Find the line containing "Hello everyone, Caleb" in the material below, then please transcribe it and each line after it exactly, without the pictures.

+++ Supplied material

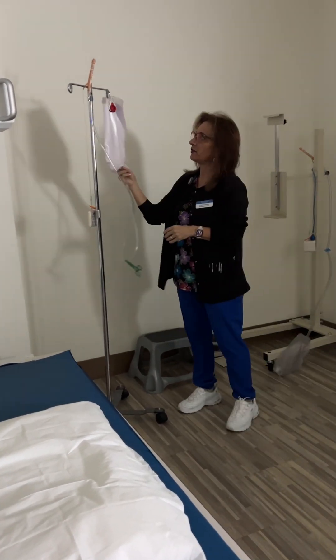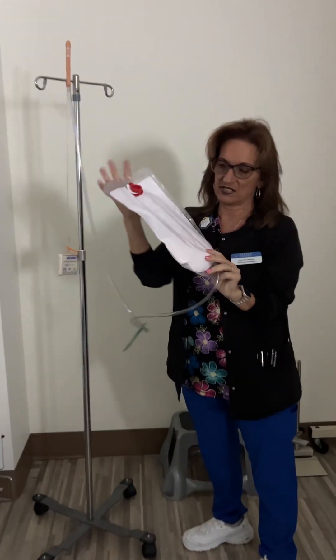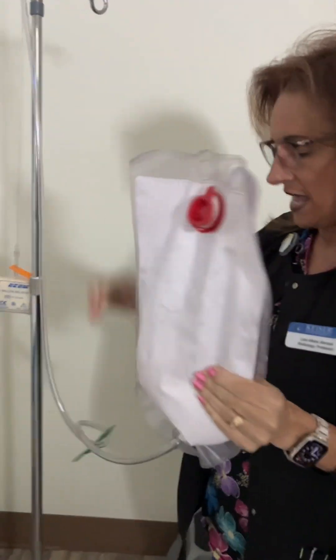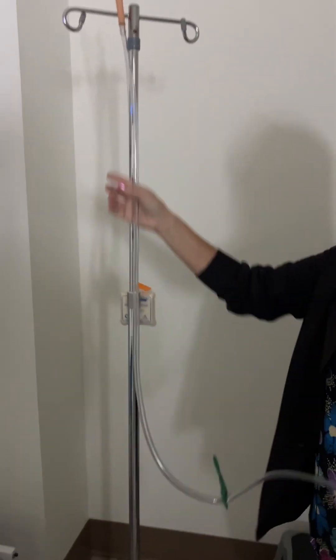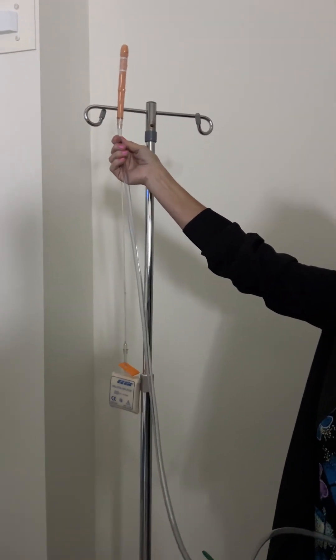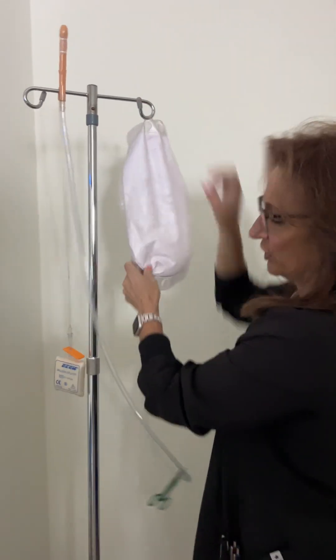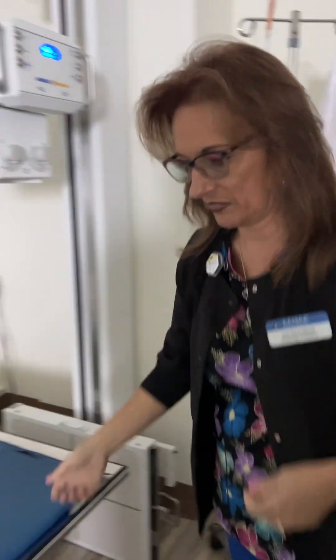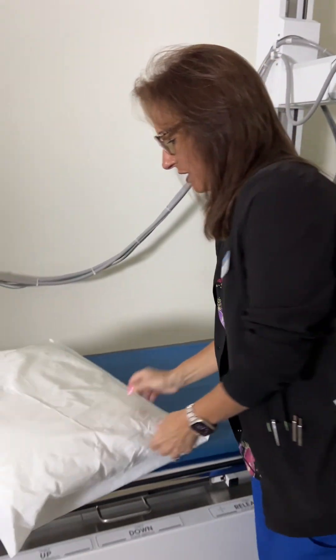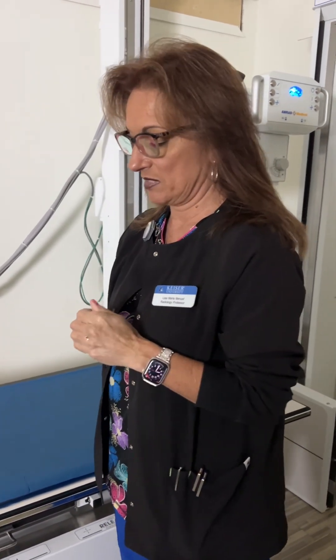For the single contrast BE, I would have 2,500 cc's of barium mixed in the bag with water added. The barium would be run down almost to the tip so I wasn't introducing a bunch of air. I'd have that ready to go. My patient would already be on the table in Sims position — lying on her left side with her right knee bent forward.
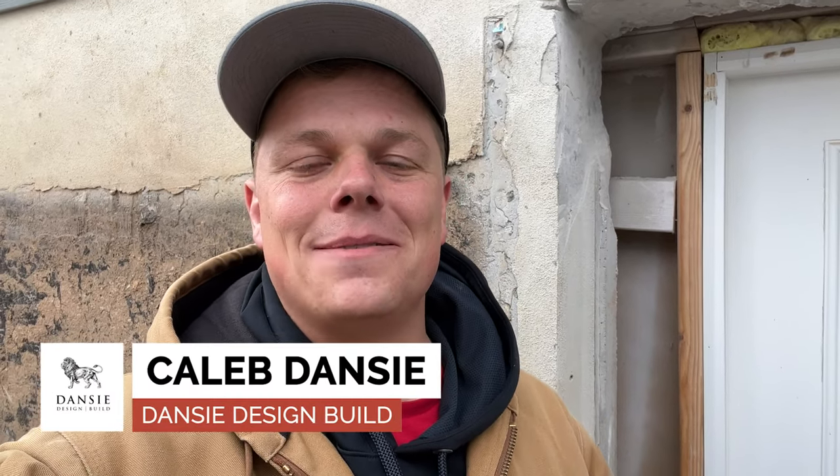Hello everyone, Caleb with Danzy Design Build here. Today I wanted to show you a project that we are helping to finish. This is a basement walkout in Salem, Utah, and we are here helping to get the header fixed and install the beam. The beam was not installed, and I wanted to show you how the foundation can crack and you can have problems if you don't get the order of construction done properly and don't have engineering if that's necessary.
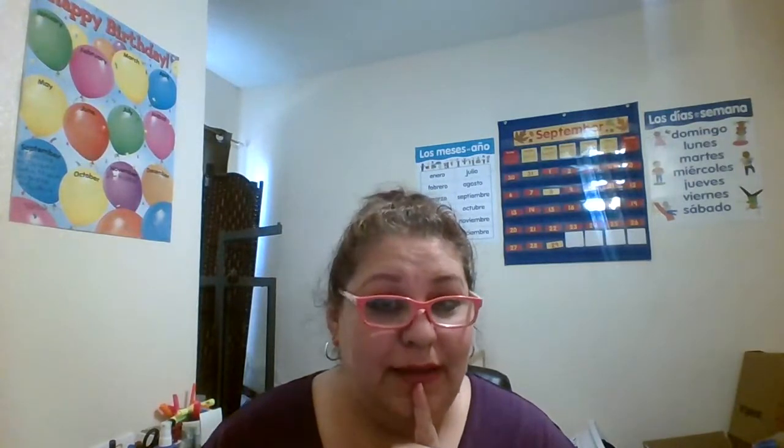Hello my friends, welcome back, thank you for coming. Today I want to work on the letter D. The name is D, it sounds like 'duh.'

++++++

● **Reply to the task**
Hello everyone, Caleb with Danzy Design Build here. Today I wanted to show you a project that we are helping to finish. This is a basement walkout in Salem, Utah, and we are here helping to get the header fixed and install the beam. The beam was not installed, and I wanted to show you how the foundation can crack and you can have problems if you don't get the order of construction done properly and don't have engineering if that's necessary.
Hello my friends, welcome back, thank you for coming. Today I want to work on the letter D. The name is D, it sounds like 'duh.'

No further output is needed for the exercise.